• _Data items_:

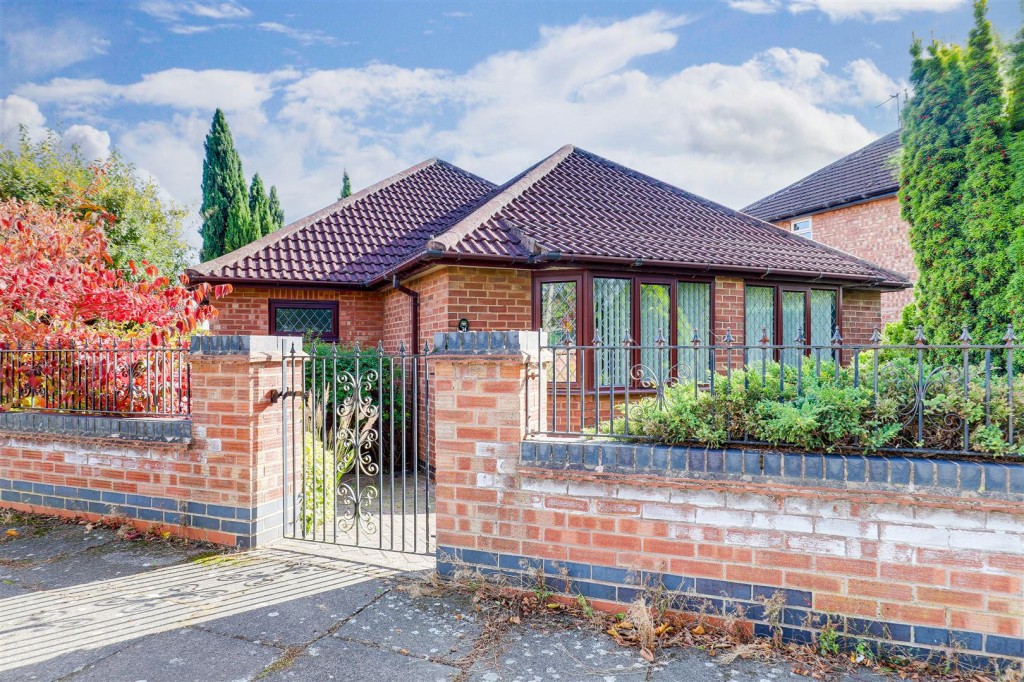 Bispham Drive, Toton, Nottinghamshire, NG9 6GJ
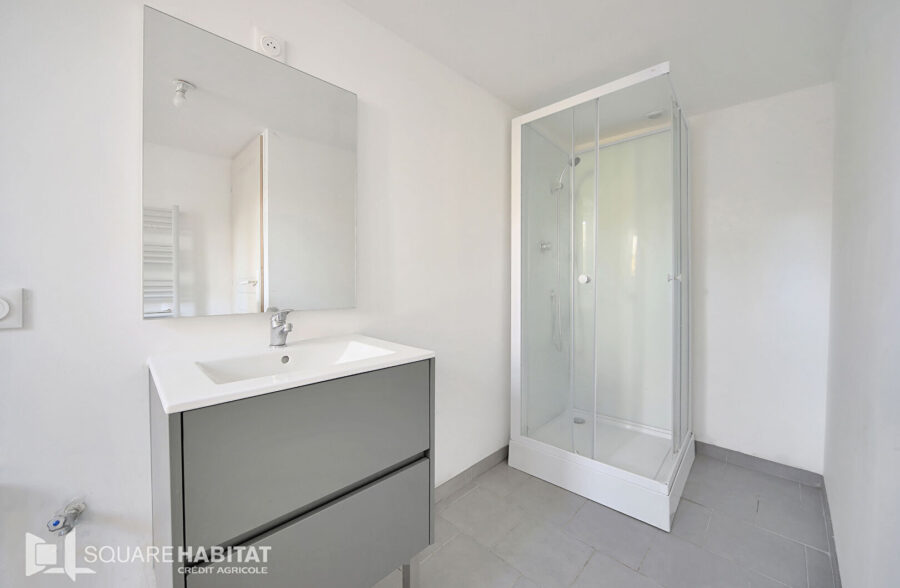 Maison rénovée 2 petites chambres, 1 bureau, garages, cour et dépendances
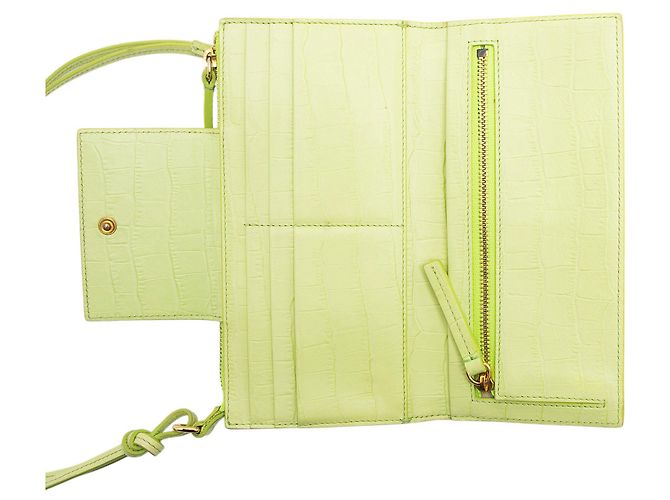 Cartera Le Pichoto de cuero con estampado de cocodrilo con correa de Jacquemus Verde - vista 6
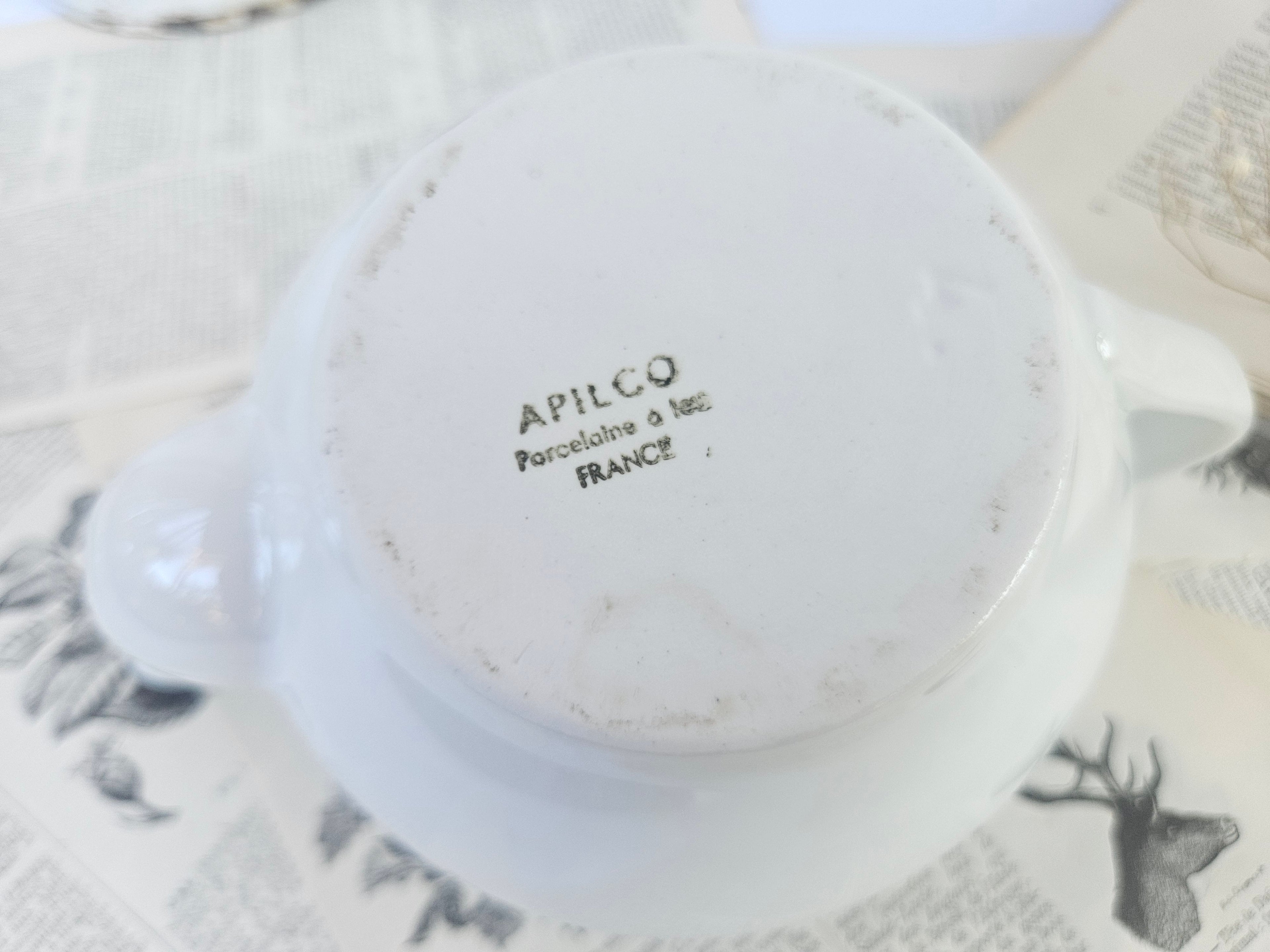 Théière vintage Apilco France avec soucoupe assortie | Porcelaine blanche | Service à thé français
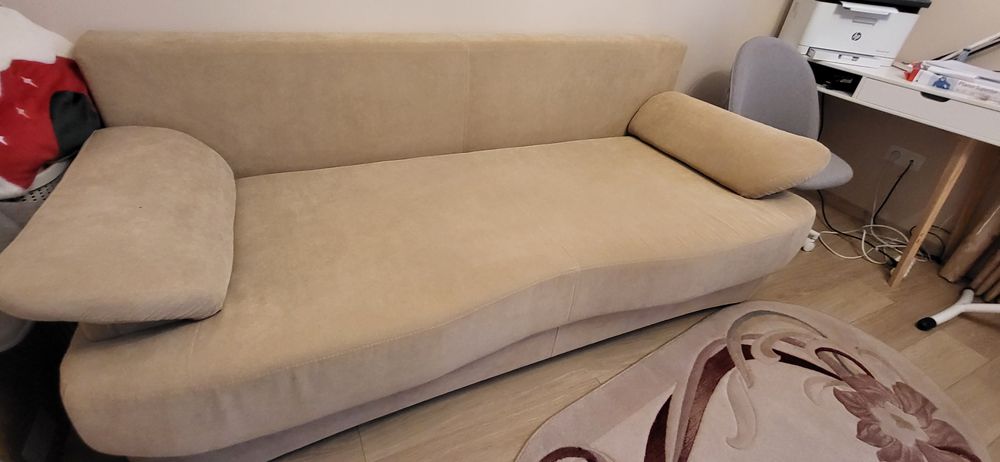Vand canapea extensibila.
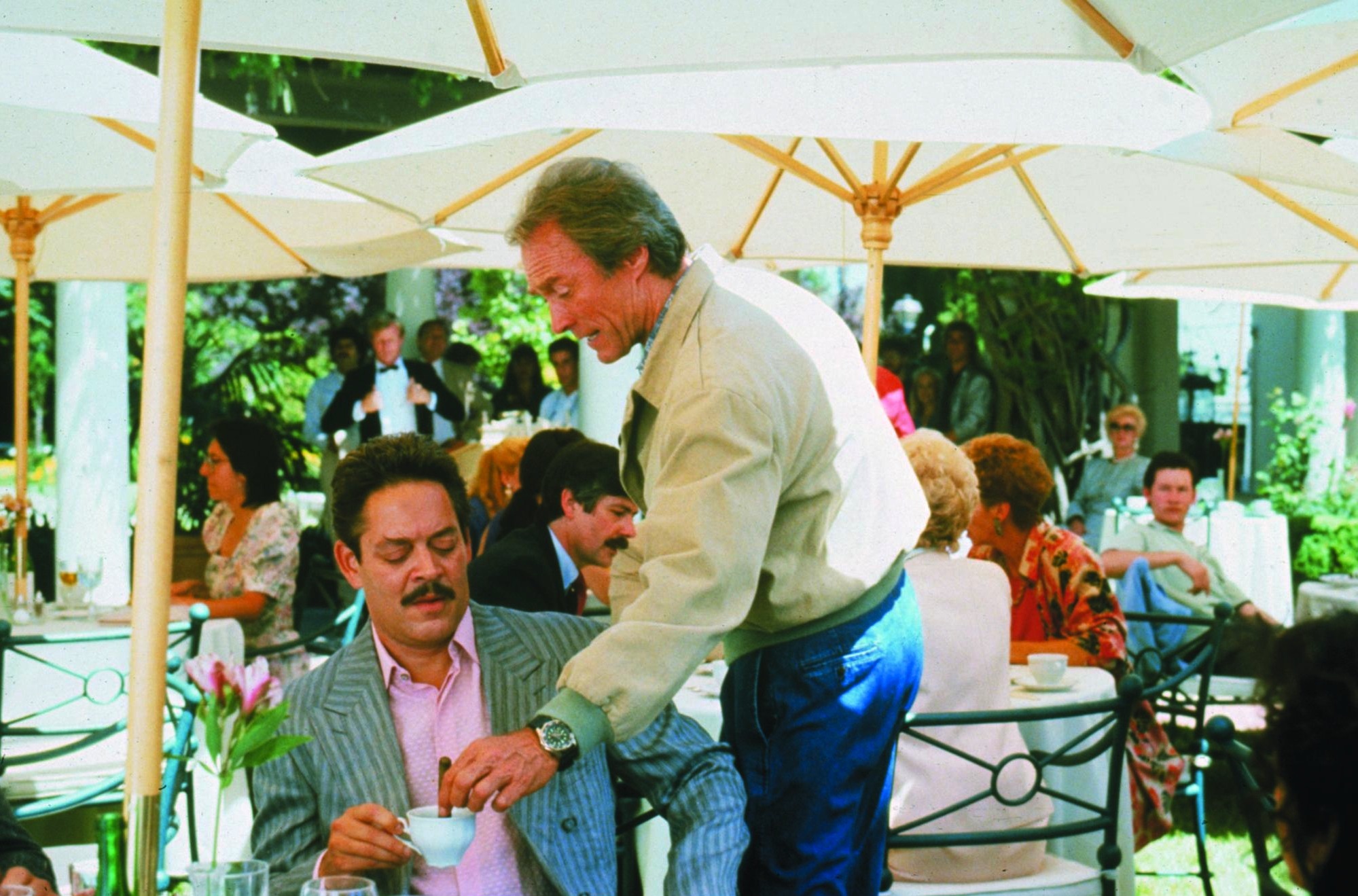 Still of Clint Eastwood and Raul Julia in The Rookie (1990)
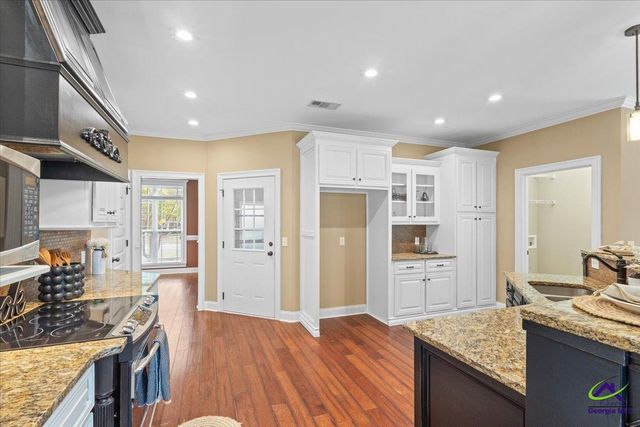 300 Cheshire Drive, Warner Robins, GA 31088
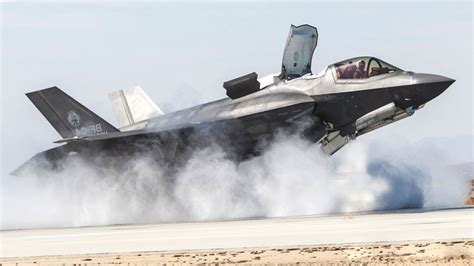 F-35 lightning II vertical take off - Testing the F-35 Lightning II takeoff & vertical landings ...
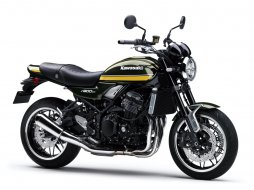 Pour 2021, la Kawasaki Z900 RS arbore deux nouveaux (...)
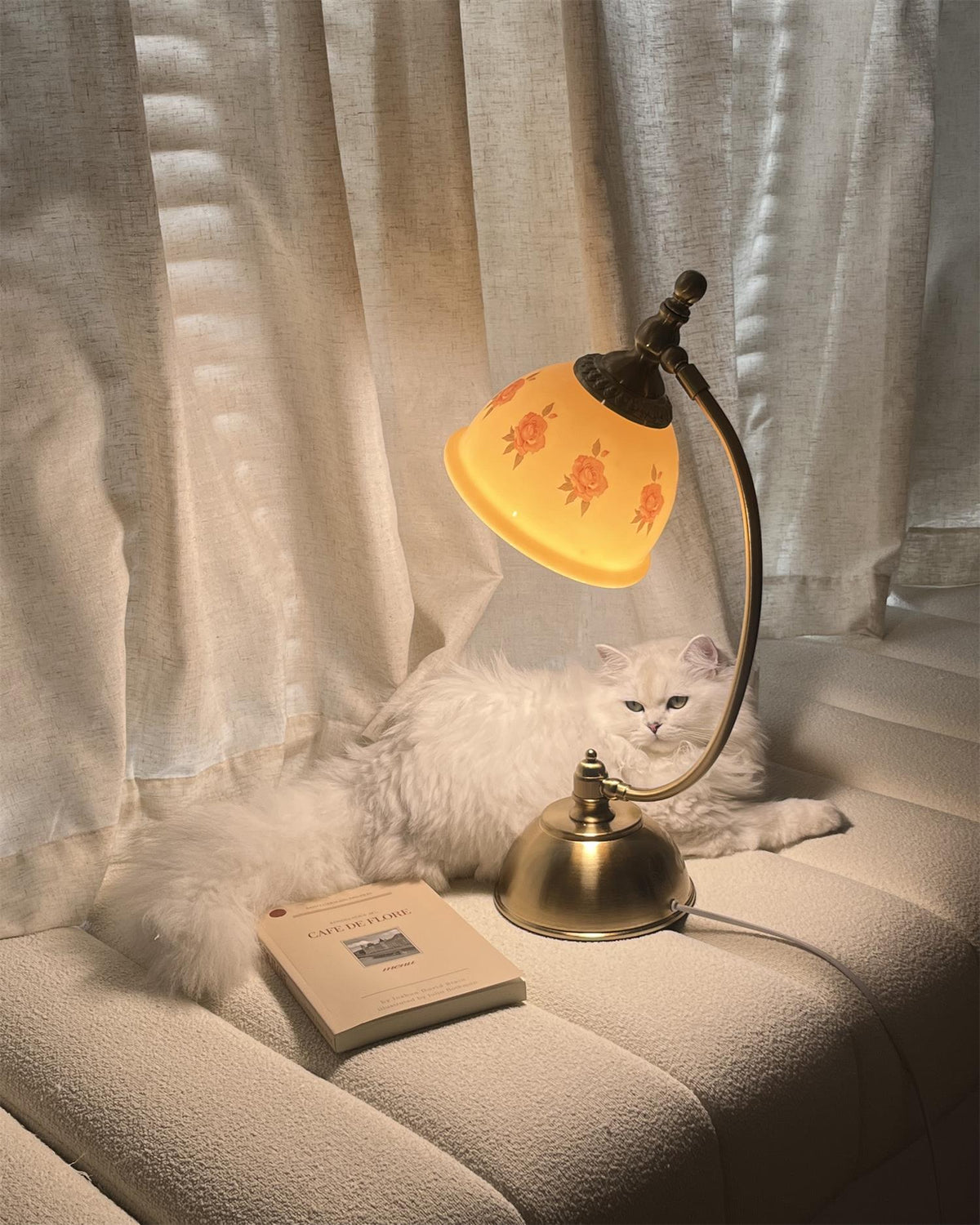 Teriorora lampă de masă
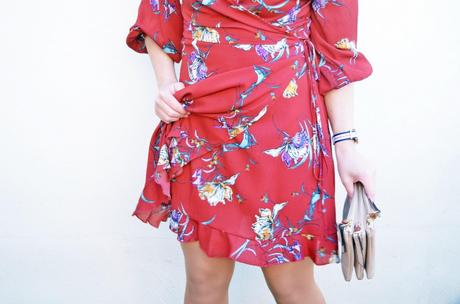 Vestido estampado cruzado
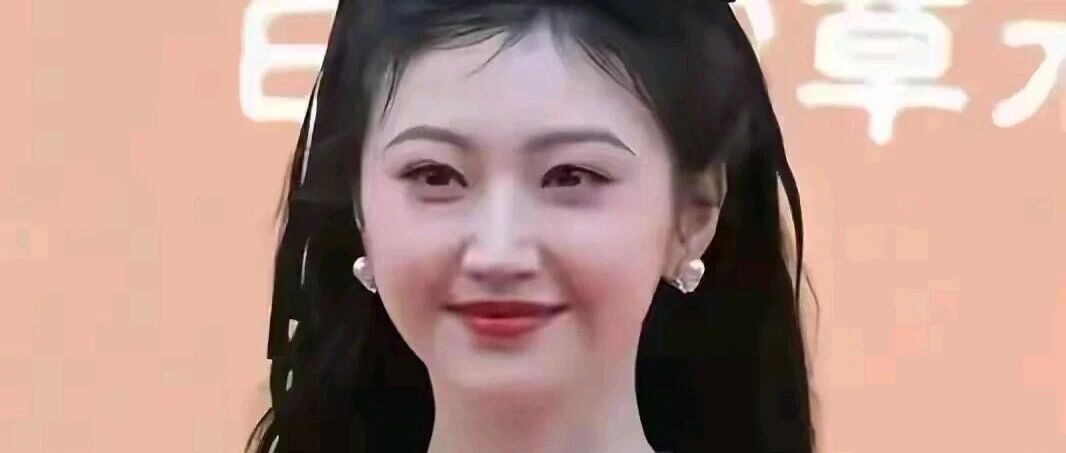 被孙宇晨曝"私密事"后，"一言不发"的景甜，不再顾及所谓的体面，选择了彻底沉默。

• _Assignment_:
If a record holds a picture, leave the picture out, but repeat every line exactly.

• _Result of this exercise_:
 Bispham Drive, Toton, Nottinghamshire, NG9 6GJ
 Maison rénovée 2 petites chambres, 1 bureau, garages, cour et dépendances
 Cartera Le Pichoto de cuero con estampado de cocodrilo con correa de Jacquemus Verde - vista 6
 Théière vintage Apilco France avec soucoupe assortie | Porcelaine blanche | Service à thé français
Vand canapea extensibila.
 Still of Clint Eastwood and Raul Julia in The Rookie (1990)
 300 Cheshire Drive, Warner Robins, GA 31088
 F-35 lightning II vertical take off - Testing the F-35 Lightning II takeoff & vertical landings ...
 Pour 2021, la Kawasaki Z900 RS arbore deux nouveaux (...)
 Teriorora lampă de masă
 Vestido estampado cruzado
 被孙宇晨曝"私密事"后，"一言不发"的景甜，不再顾及所谓的体面，选择了彻底沉默。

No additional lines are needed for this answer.